**What the task asks:**
Please retype the records below exactly, from the first line through the line containing "гематологического отделения ОДКБ", and leave out any pictures.

Exercise input section start

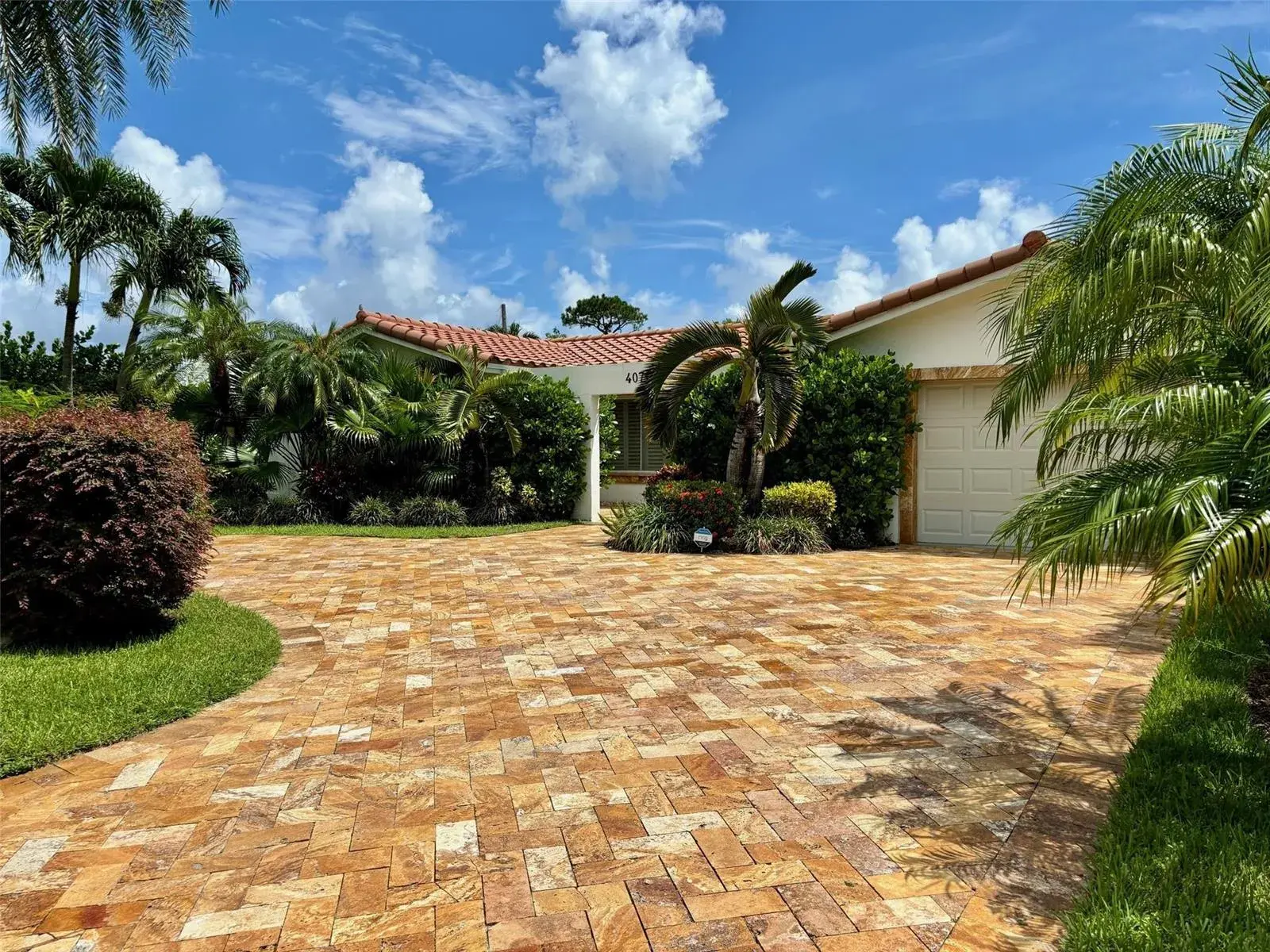3 bedroom 2 bath for rent at 4070 NE 26th Avenue, Fort Lauderdale FL 33308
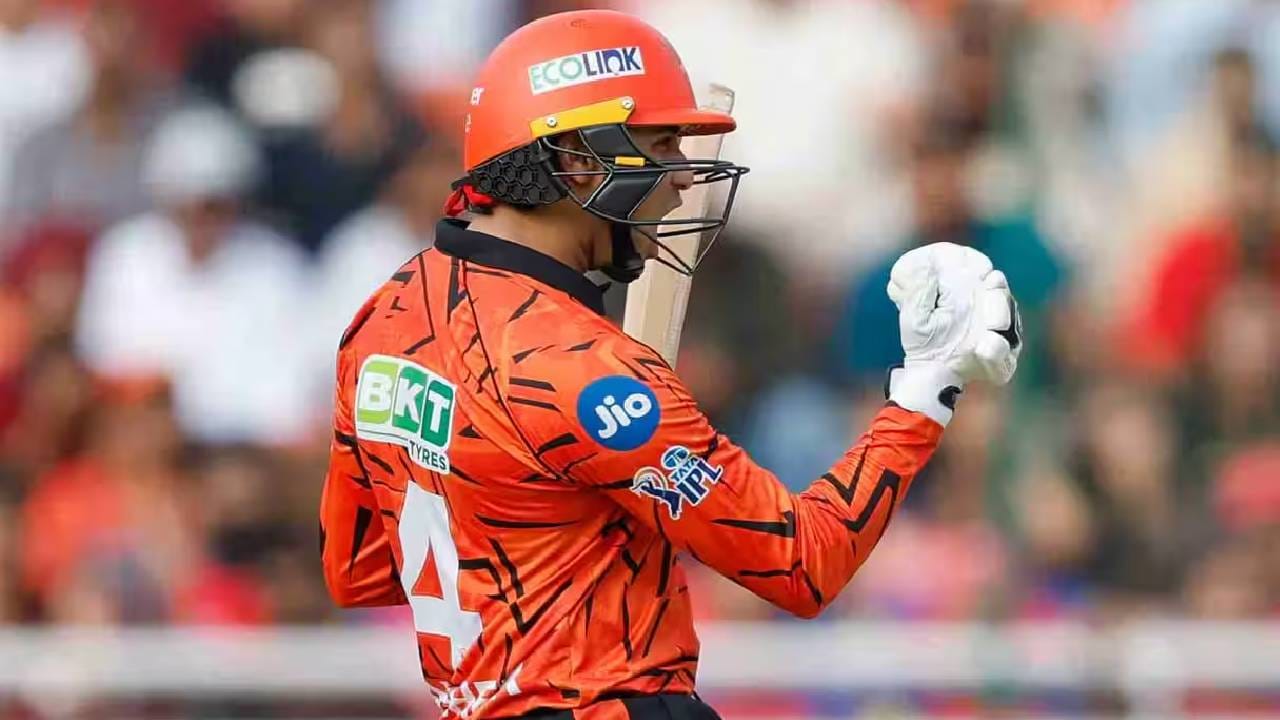 6,6,6,6,6,4,4,4,4,4 अभिषेक शर्माचा झंझावात, पंजाब किंग्सविरुद्ध 18 चेंडूत ठोकलं आक्रमक अर्धशतक 6,6,6,6,6,4,4,4,4,4 अभिषेक शर्माचा झंझावात, पंजाब किंग्सविरुद्ध 18 चेंडूत ठोकलं आक्रमक अर्धशतक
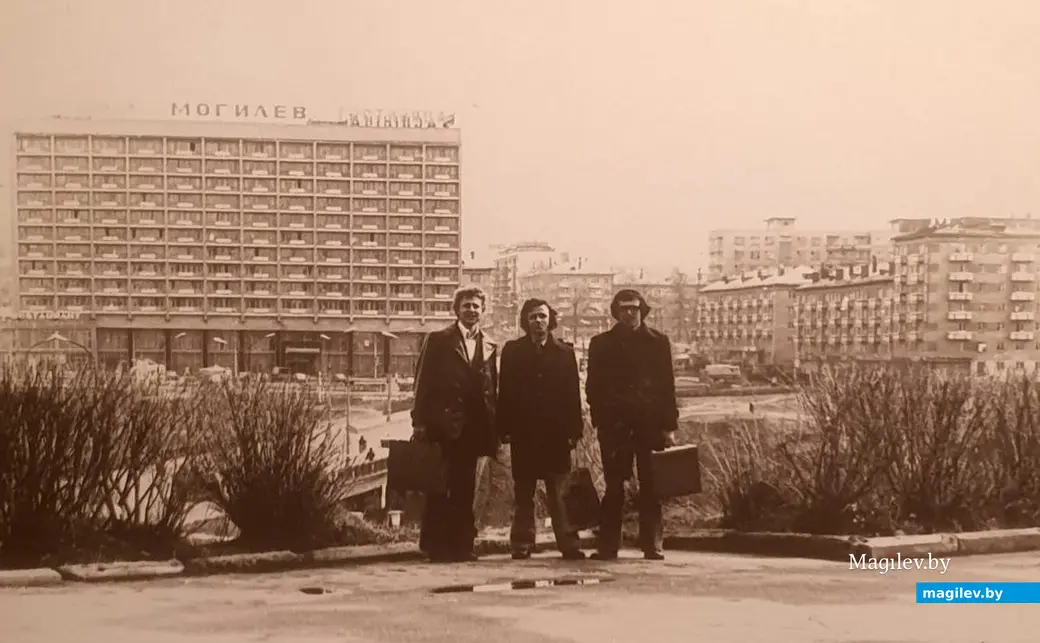 1980 год. Могилев. Александр Николаевич Бондарев с однокурсниками. На заднем плане – микрорайон Мир-1.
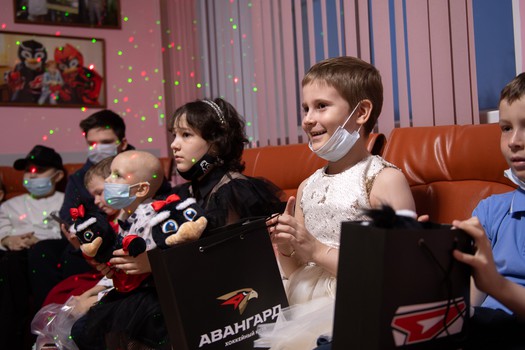 «Авангард» в гостях у болельщиков из гематологического отделения ОДКБ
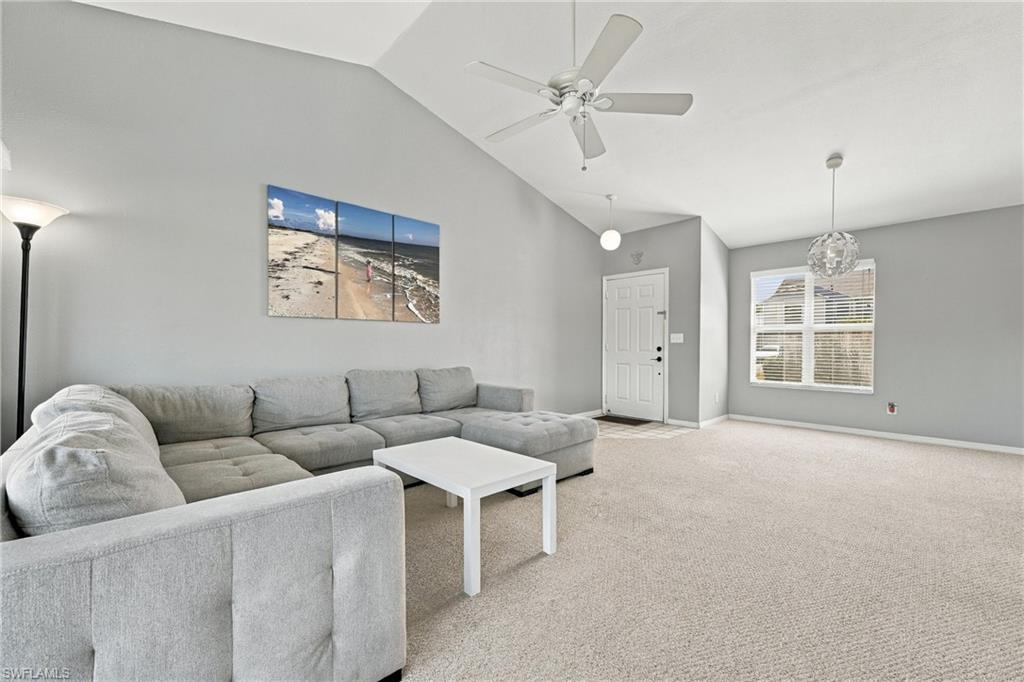 1566 Trafalgar Ln A Property Photo 8
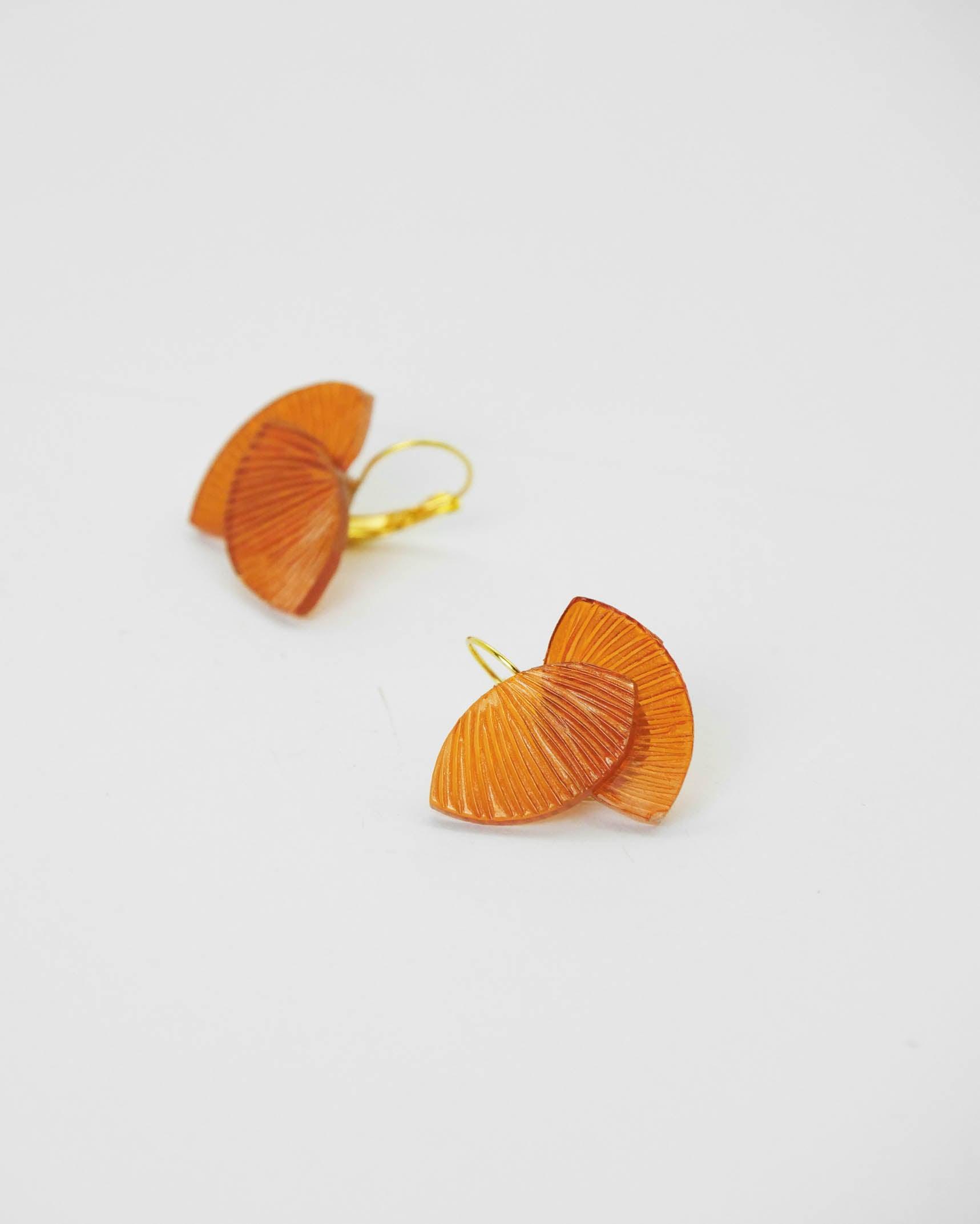 Boucles d’oreilles sculptées inspiration florale orange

Exercise input section end

**Reply to the exercise:**
3 bedroom 2 bath for rent at 4070 NE 26th Avenue, Fort Lauderdale FL 33308
 6,6,6,6,6,4,4,4,4,4 अभिषेक शर्माचा झंझावात, पंजाब किंग्सविरुद्ध 18 चेंडूत ठोकलं आक्रमक अर्धशतक 6,6,6,6,6,4,4,4,4,4 अभिषेक शर्माचा झंझावात, पंजाब किंग्सविरुद्ध 18 चेंडूत ठोकलं आक्रमक अर्धशतक
 1980 год. Могилев. Александр Николаевич Бондарев с однокурсниками. На заднем плане – микрорайон Мир-1.
 «Авангард» в гостях у болельщиков из гематологического отделения ОДКБ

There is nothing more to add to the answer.